**How to complete this task**
Could you repeat the entries below exactly, but only from the line with "Capa do artigo" through the line with "بوفه|بوفه، ویترین، کنسول|کنگاور, |دیوار", and without any picture?
•••••
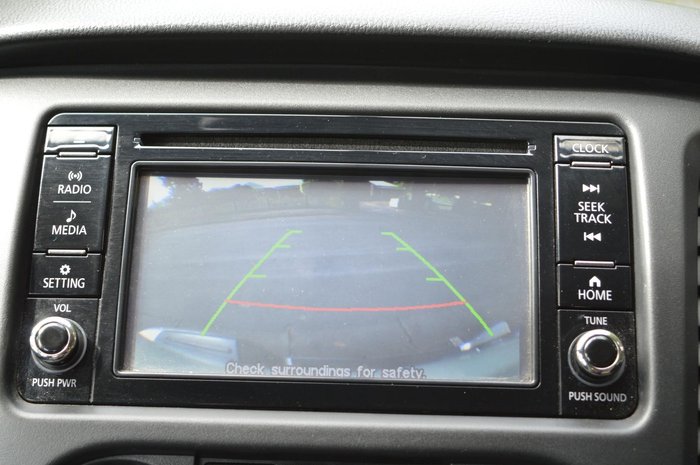 2018 Mitsubishi Triton GLX+ MQ MY18 4X4 Dual Range White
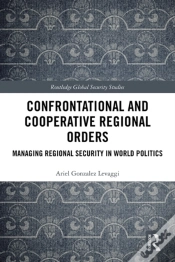 Capa do artigo Confrontational And Cooperative Regional Orders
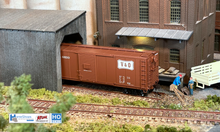 Load image into Gallery viewer, V&amp;O 30495 - HO Scale Atlas USRA Rebuilt Steel 40&#39; Box Car
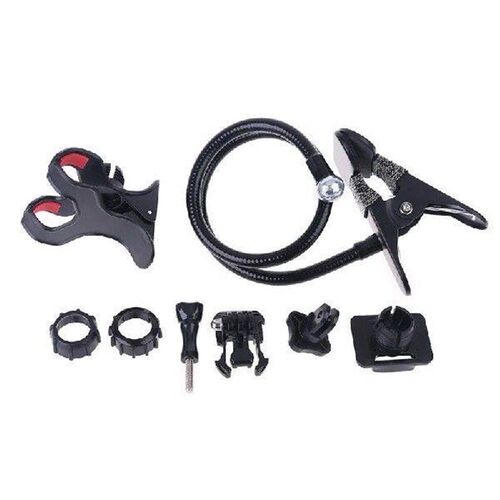Webcam Table Stand Webcam Tripod with 25 inch Flexible Arm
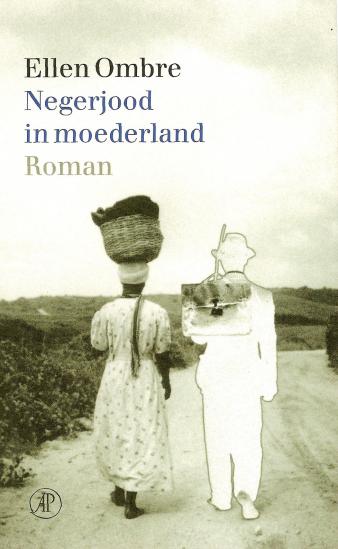 Omslag van Negerjood in moederland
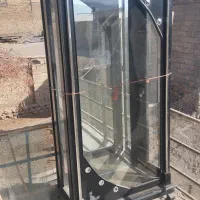 بوفه|بوفه، ویترین، کنسول|کنگاور, |دیوار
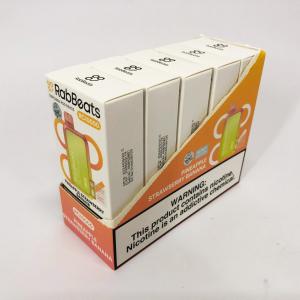 Elf Bar RabBeats RC10000. Ананас Полуниця Банан (Pineapple Strawberry Banana)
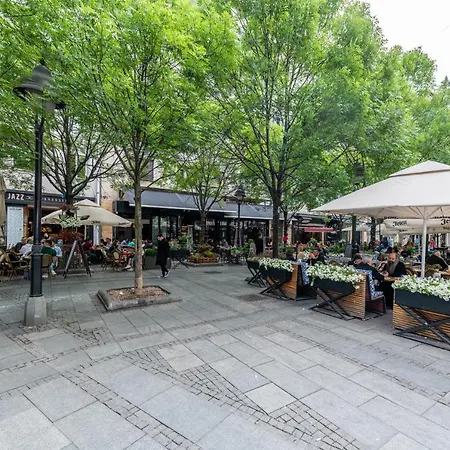 Appartement Marshall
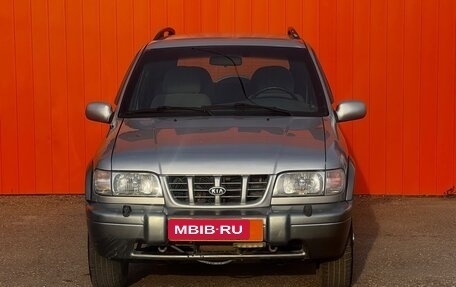 KIA Sportage IV рестайлинг, 2004 год, 388 000 рублей, 2 фотография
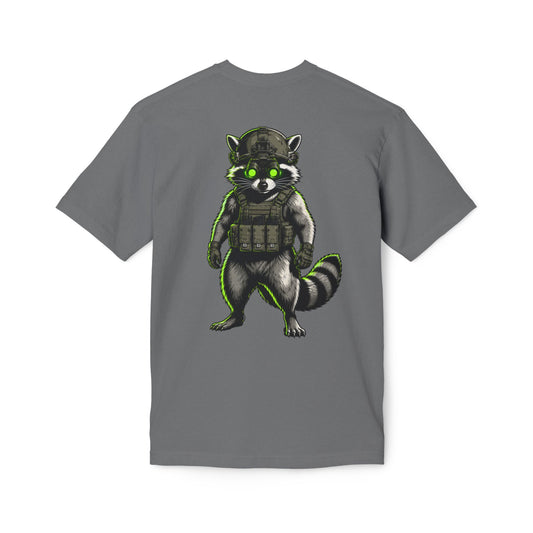 ThreadedShield Supply Co. Tactical Trash Panda T-shirt - Premium USA Made
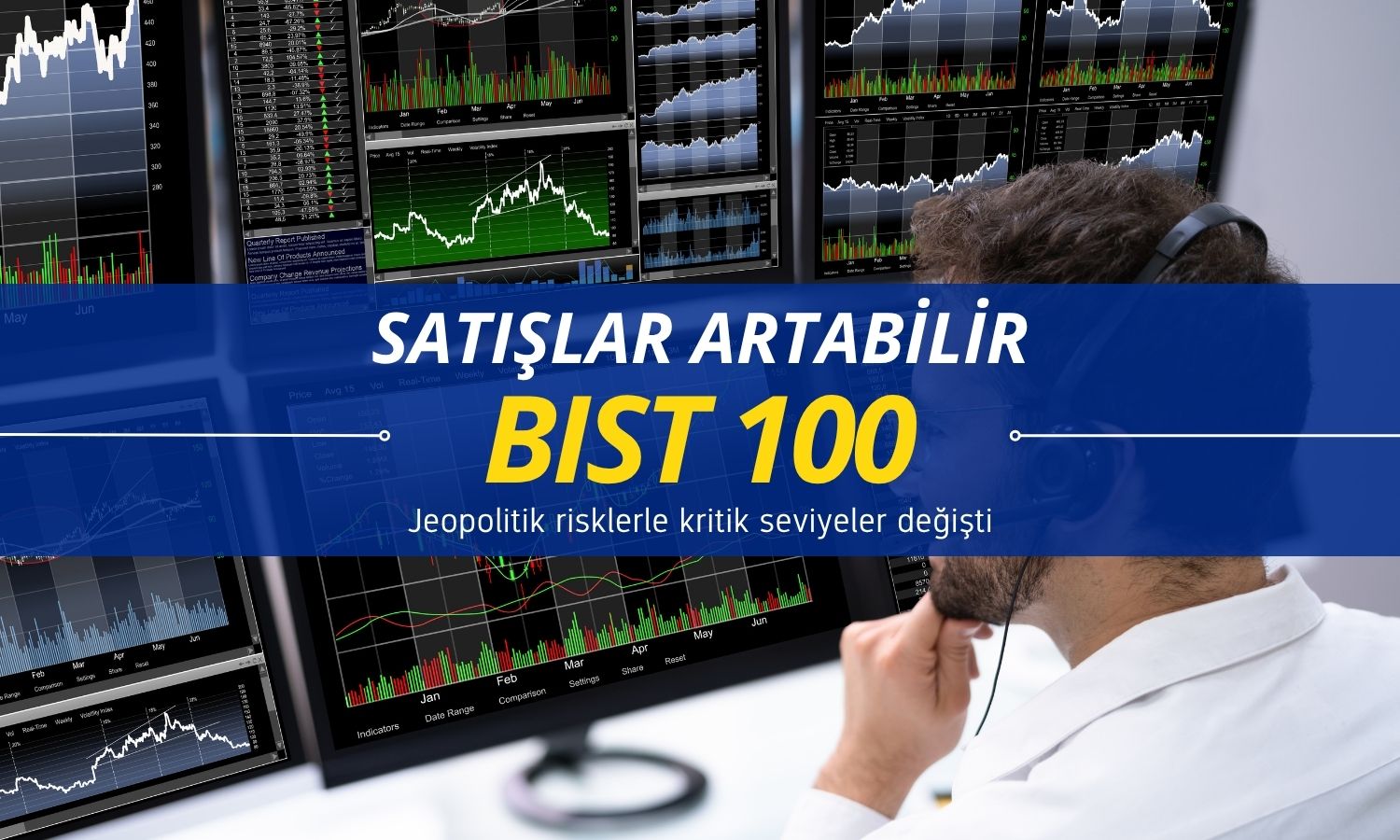 Borsada İsrail-İran gerilimi satış baskısını artırabilir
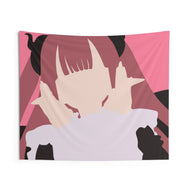 My Dress-Up Darling Indoor Wall Tapestry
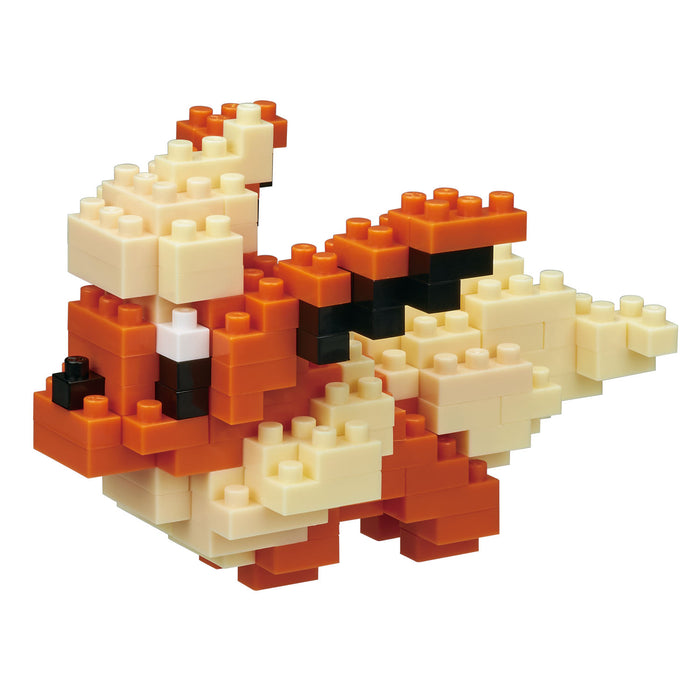 Nanoblock Flareon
•••••
**Solution to the problem**
 Capa do artigo Confrontational And Cooperative Regional Orders
 Load image into Gallery viewer, V&amp;O 30495 - HO Scale Atlas USRA Rebuilt Steel 40&#39; Box Car
Webcam Table Stand Webcam Tripod with 25 inch Flexible Arm
 Omslag van Negerjood in moederland
 بوفه|بوفه، ویترین، کنسول|کنگاور, |دیوار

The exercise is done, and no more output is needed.